On Tuesday, 5 December 2017 at 16:06:19 UTC, Mike Parker wrote:
This is the first post in a new tutorial series I'm doing on the blog.


Hi Mike,
  Nice.

It's always much easier to comment than to write an article from scratch. So take all this with a grain of salt: Overall I find that it'd be much nicer if you focus on C-D interaction only. Currently you've added a lot of things that people really would already know before reading the text: I think preknowledge should be how to create programs in C and in D (including compilers, etc.). Especially on a second read, it's a lot of scrolling back and forth to find the good nuggets of info.

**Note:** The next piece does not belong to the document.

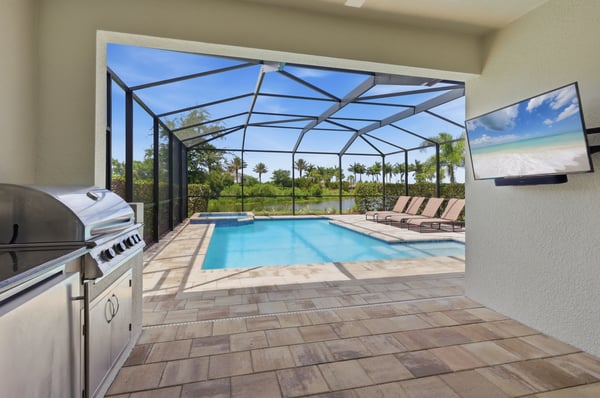 8212 Shooting Star Rd, Sarasota, FL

- I would make it clearer that you are discussing calling C code from a D application. If you are going to discuss the other way around too, always make it super clear in which language the "main" part of the program is. Perhaps explain the differences in how to setup a "hello world" (e.g. druntime initialization). - I would remove all related to DMC, it's needless extra complication. - Add a sentence that all should work identically for GDC and LDC, except for the `-m32mscoff` (I think `-m32` or `-m64` is superfluous for LDC). - The text about "both files have the same name" is also needless, I think. You are writing a text about how to call C-code from D-code, using the commandline no less! ;-) Instead, I would add the output filename explicitly on the cmdlines. It's short, and more clearly shows which files are created when. - Commandline invocation and installation of compilers is mixed now; pull it apart for clarity. Fit the installation of compilers in one or two sentences (D and C).
- typo: "offical" --> "official"
- The code fragments don't need to be packed tight. Perhaps add comments inside them, to beef them up a bit and make them stick out more. (you could add comments about "forward declaration", "definition", ...) - Separate the hello world example into its own section: "see how easy it is?" :-)


Ideas:
- Idea for future texts: how to set this up using dub, and other build mechanisms like cmake, makefile, IDEs, ... - Perhaps an example of why one might want this, external libraries is what I am thinking. Forward reference to future blog article? (dstep?)